* Exercise data:
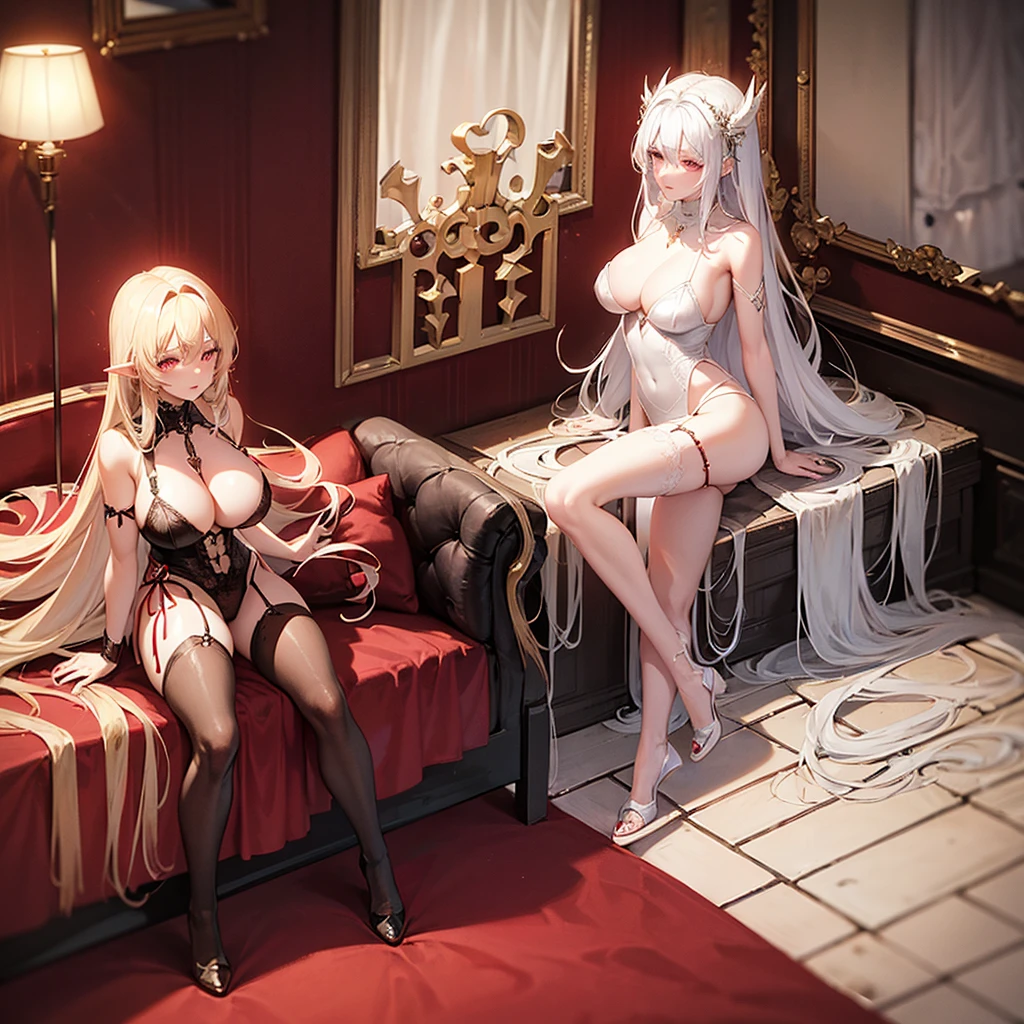 a sexy demon woman with long silvery blonde hair with crimson-red eyes and a gothic pin up lingerie and cuddling with a light skinned angel woman with long, wavy brown hair and emerald-green eyes, white turtleneck lingerie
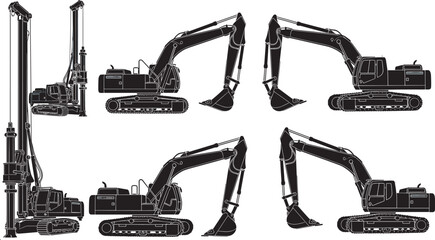 Black silhouette set of heavy excavators, crawler excavator machines, drilling rig pile driver, construction equipment side views, industrial machinery vector collection © MdShahid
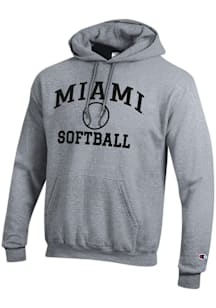 Champion Miami RedHawks Mens Grey Softball Powerblend Long Sleeve Hoodie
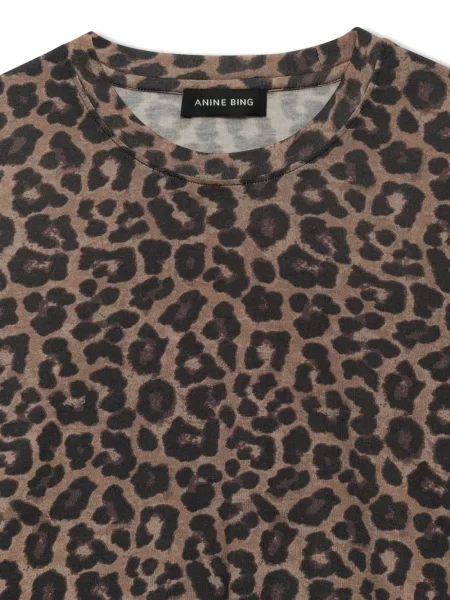Lung tricou Anine Bing cu imagine cu model leopard maro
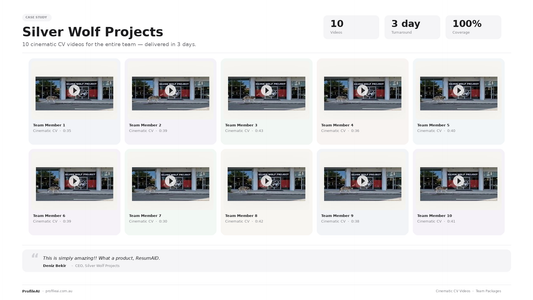 Silver Wolf Projects — 10 Cinematic CV Videos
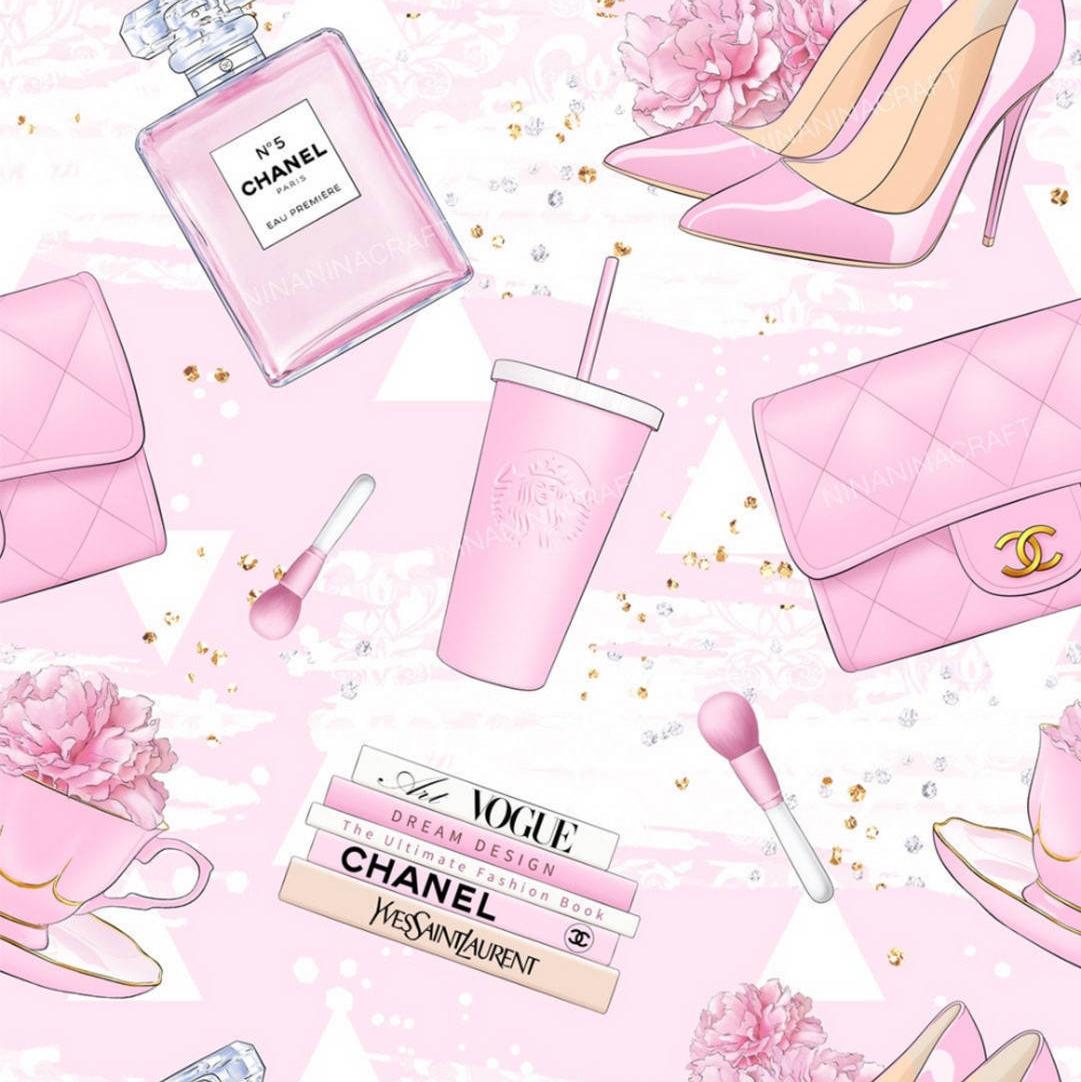 Aesthetic pink wallpaper with Chanel products and accessories. - Vogue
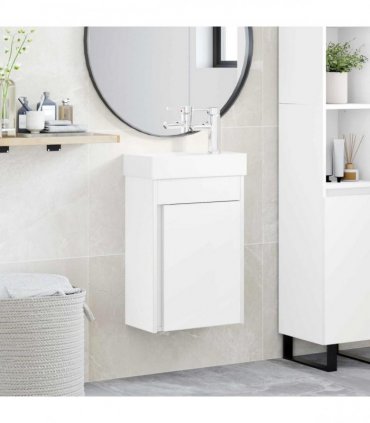 vidaXL Bathroom Vanity Unit with Tap White 40.5 x 22.5 x 62 cm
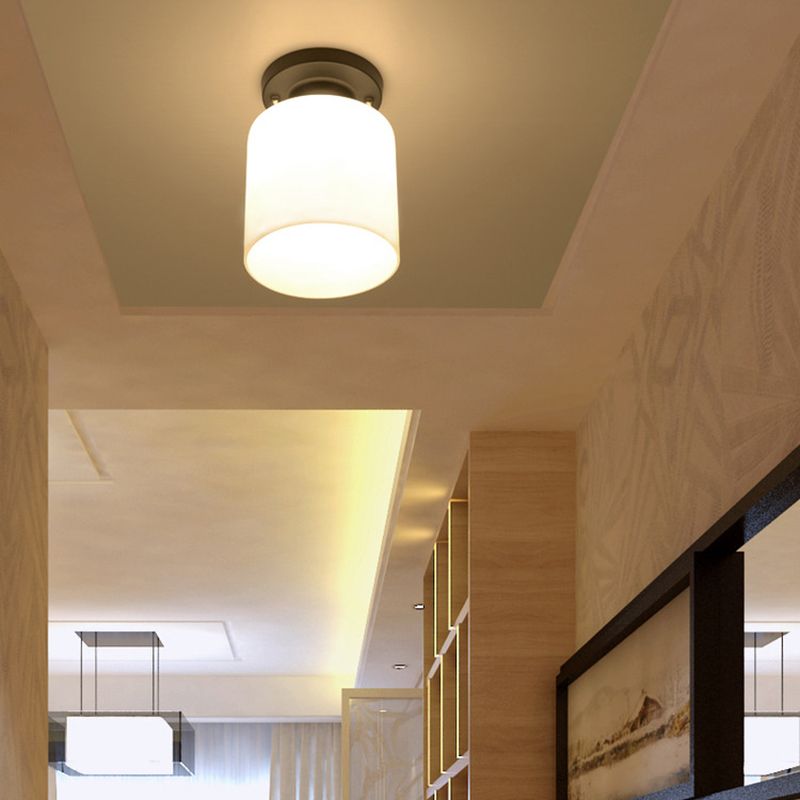 Glass Shade Semi Flush Mount Light Modern Aisle Semi Flush Mount Ceiling Lighting in Black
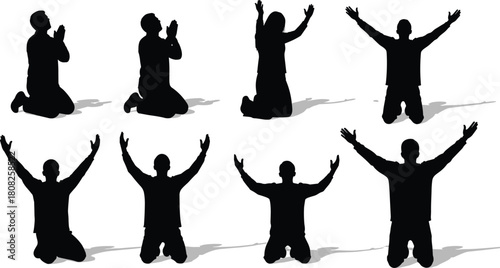 Praying silhouette set, religious people kneeling, worshiping man with raised hands, spiritual faith icon, christian belief concept, black vector illustration, isolated on white background.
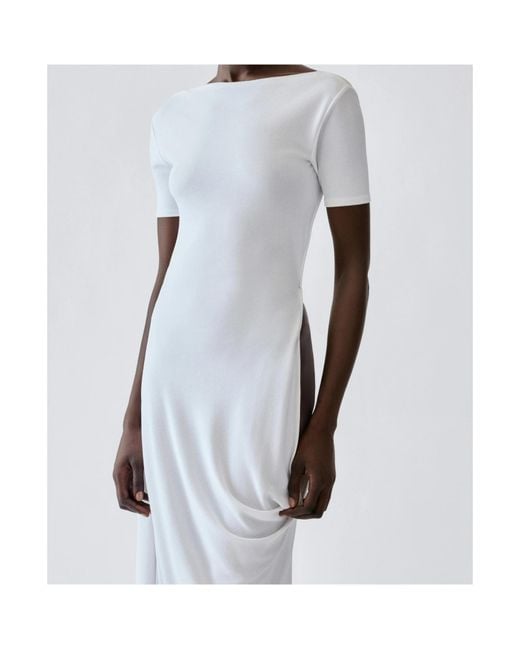 Jacquemus White The Sole Asymmetrical Slit Dress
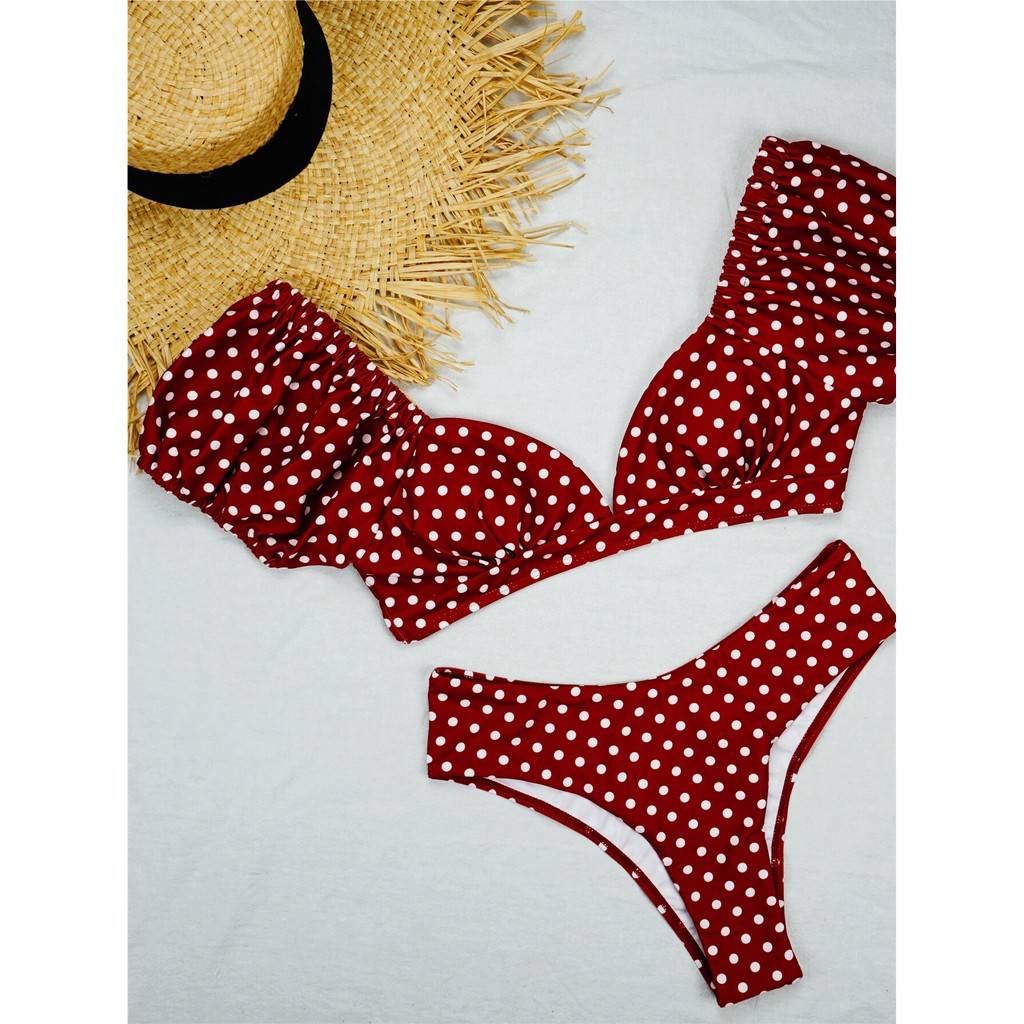 Trang phục bikini cổ V họa tiết chấm bi trắng/cam gợi cảm H156 | BigBuy360 - bigbuy360.vn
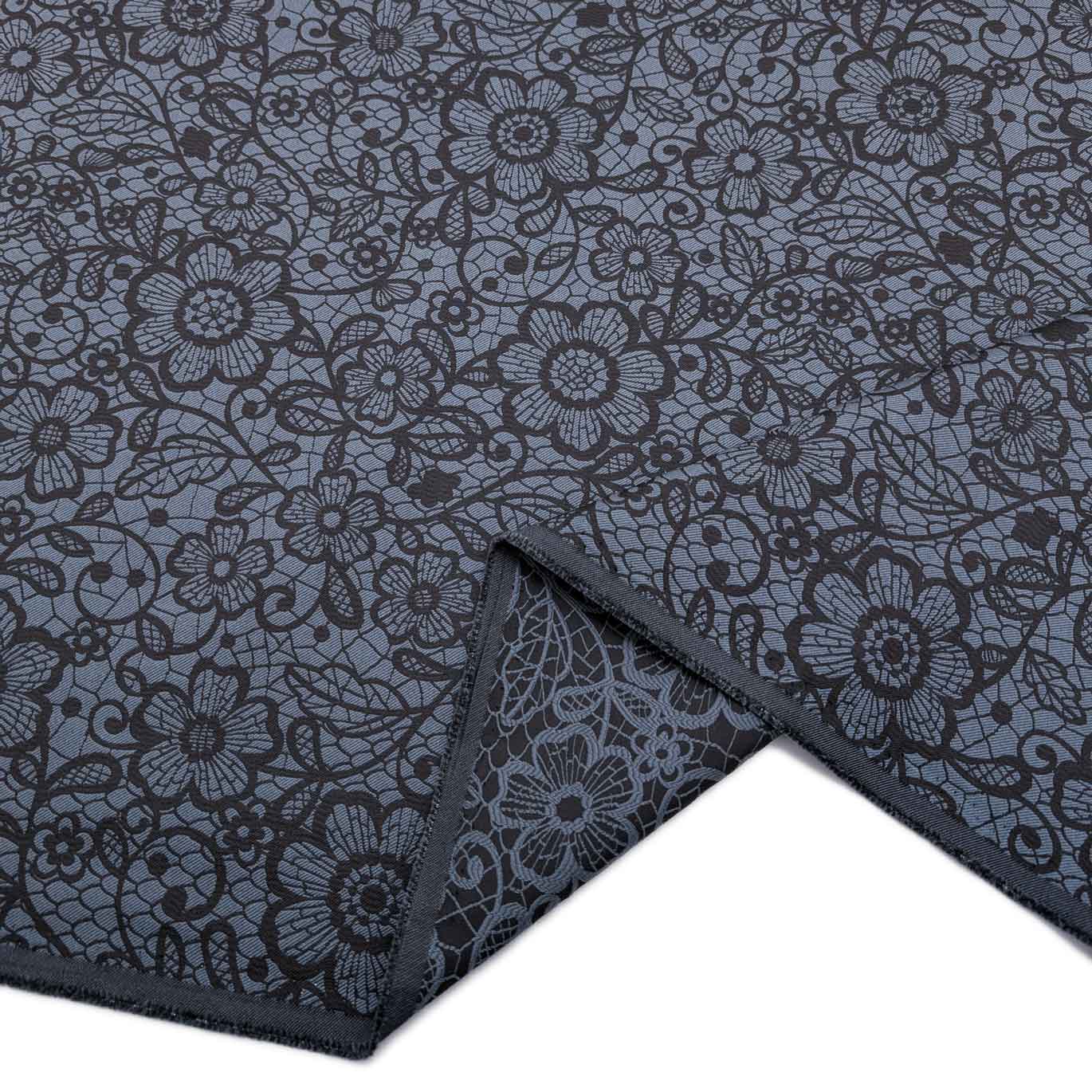 پارچه ژاکارد کتان دورو 227 رنگ طوسی آبی 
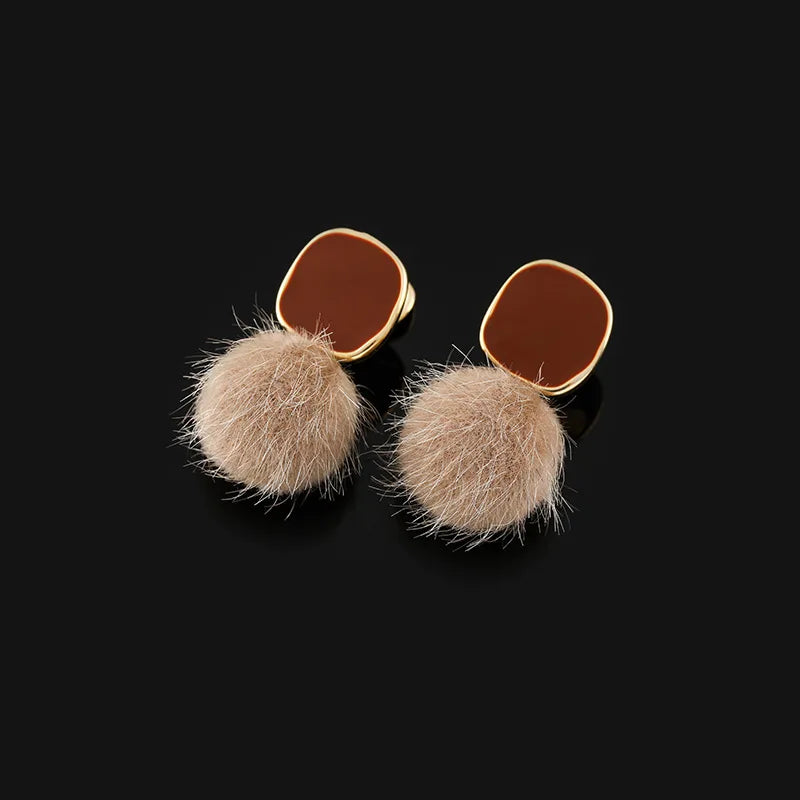 Elegant Brown Enamel Geometric Fuzzy Pom Pom Alloy Stud & Clip On No Piercing Drop Earrings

* Work instruction: Lines from the start of the listing above through the line holding "Jacquemus White The" are to be duplicated exactly, and nothing more; leave out the pictures.

* Response to the exercise:
 a sexy demon woman with long silvery blonde hair with crimson-red eyes and a gothic pin up lingerie and cuddling with a light skinned angel woman with long, wavy brown hair and emerald-green eyes, white turtleneck lingerie
 Black silhouette set of heavy excavators, crawler excavator machines, drilling rig pile driver, construction equipment side views, industrial machinery vector collection © MdShahid
 Champion Miami RedHawks Mens Grey Softball Powerblend Long Sleeve Hoodie
Lung tricou Anine Bing cu imagine cu model leopard maro
 Silver Wolf Projects — 10 Cinematic CV Videos
 Aesthetic pink wallpaper with Chanel products and accessories. - Vogue
 vidaXL Bathroom Vanity Unit with Tap White 40.5 x 22.5 x 62 cm
 Glass Shade Semi Flush Mount Light Modern Aisle Semi Flush Mount Ceiling Lighting in Black
 Praying silhouette set, religious people kneeling, worshiping man with raised hands, spiritual faith icon, christian belief concept, black vector illustration, isolated on white background.
 Jacquemus White The Sole Asymmetrical Slit Dress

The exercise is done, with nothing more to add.